M. le comte de Schouvalow a déjà rendu compte à Votre Excellence de toute cette affaire, et de la manière dont le petit conseil de Genève a fait sortir de la ville M. le comte de Bulau, chargé des ordres de l’impératrice. Je peux assurer à Votre Excellence que jamais il n’a été défendu à aucun Genevois ni à aucune Genevoise d’aller s’établir où bon leur semble. Ce droit naturel est une partie essentielle des droits de cette petite nation, dont le gouvernement est démocratique. Il est vrai qu’elle ne prétend pas qu’on fasse des recrues chez elle, et M. le duc de Choiseul même a eu la bonté de souffrir que les capitaines genevois au service de France ne fissent point de recrues à Genève, quoiqu’il fût très en droit de l’exiger ; mais il y a une grande différence entre battre la caisse pour enrôler des soldats, et accepter les conditions que demandent des femmes, maîtresses d’elles-mêmes, pour aller enseigner la jeunesse.

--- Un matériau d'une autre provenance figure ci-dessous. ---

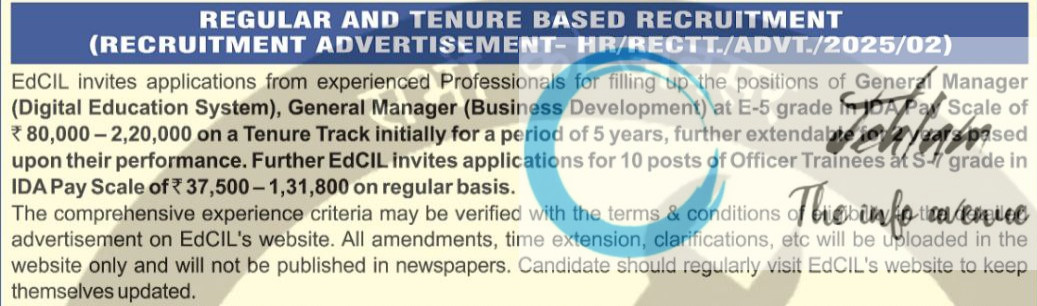 EdCIL INDIA LIMITED GENERAL MANAGER RECRUITMENT ADVT NOTIFICATION NO HR/RECTT/ADVT/2025/02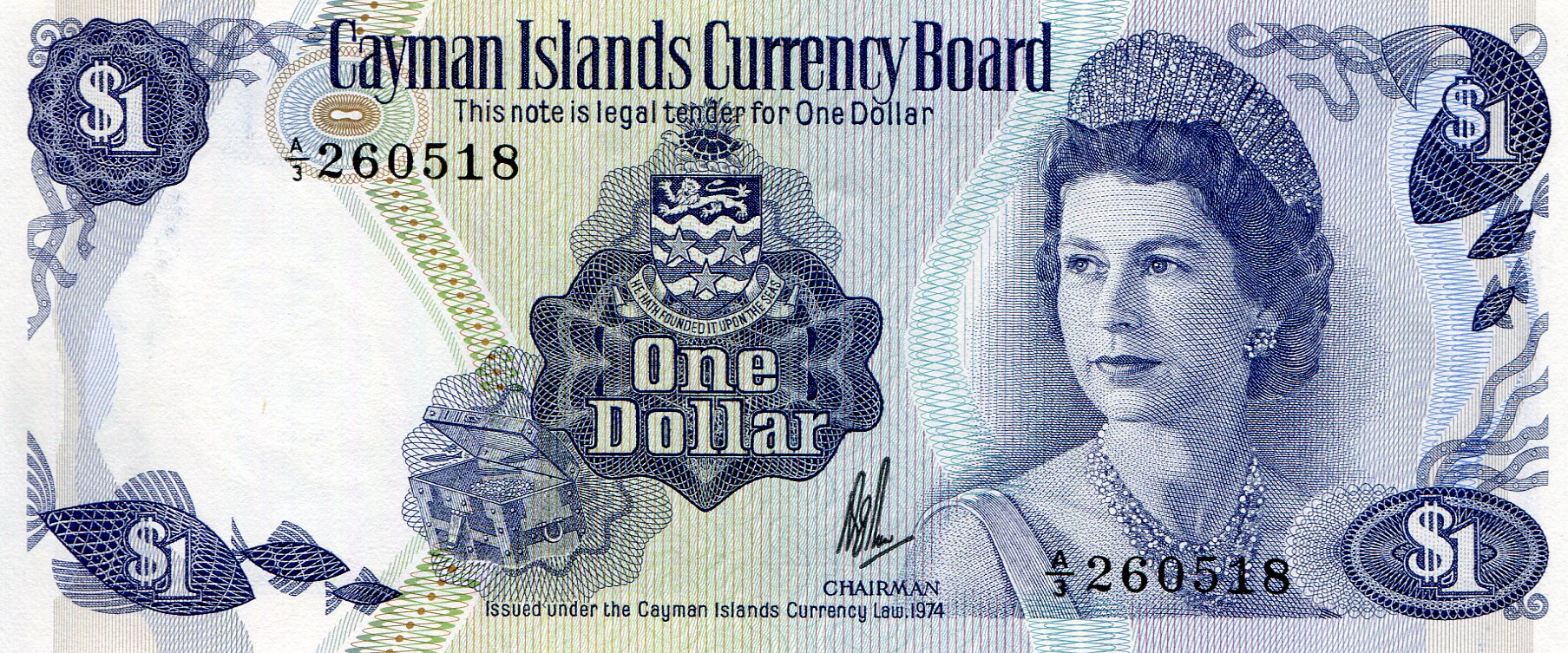 Cayman Islands 1 Dollar UNC pick #: 5a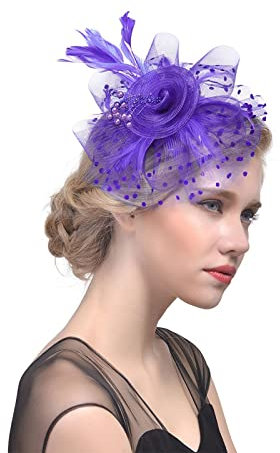 Fascinator Damen, Fascinator Damen Hut Blume Mesh Feder Kopfbedeckung Tea Party Bankett Hüte Cocktail Party Kopfschmuck Frauen Elegant Kirche Hochzeit Haarschmuck Flower Federn Stirnband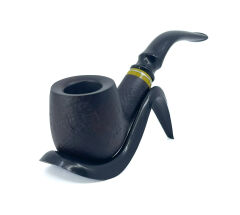Dapper Bent Apple Briar (Gül Kökü) 9 mm Filtreli El Yapımı Pipo - 2641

Le petit-conseil de Genève semble, je l’avoue, ne s’être conduit ni avec raison, ni avec justice, ni avec le profond respect que doivent les bourgeois de Genève à votre auguste impératrice ; mais Votre Excellence sait bien que, dans les compagnies, ce ne sont pas toujours les plus vertueux et les plus sensés qui prédominent. Il y a quelques magistrats que l’esprit de parti a rendus ridiculement ennemis de la France et de la Russie, et qui faisaient des feux de joie à leurs maisons de campagne lorsque nos armes avaient été malheureuses dans le cours de la dernière guerre.

Ce sont ces conseillers de ville qui ont forcé les autres à faire à M. de Bulau l’affront intolérable dont M. le comte de Schouvalow se plaint si justement. Je ne me mêle en aucune manière des continuelles tracasseries qui divisent cette petite ville ; et, sans avoir la moindre discussion avec personne, je me suis borné, dans cet éclat, à témoigner à M. le comte de Schouvalow et à d’autres mon respect, ma reconnaissance, et mon attachement pour Sa Majesté l’impératrice. Ces sentiments, gravés dans mon cœur, seront toujours la règle de ma conduite. C’est ce que j’ai écrit en dernier lieu à un ami de M. le duc de Praslin, et c’est une protestation que je renouvelle entre vos mains.

J’ai l’honneur d’être avec respect, etc.

  1. Voyez les lettres 6118 et 6113.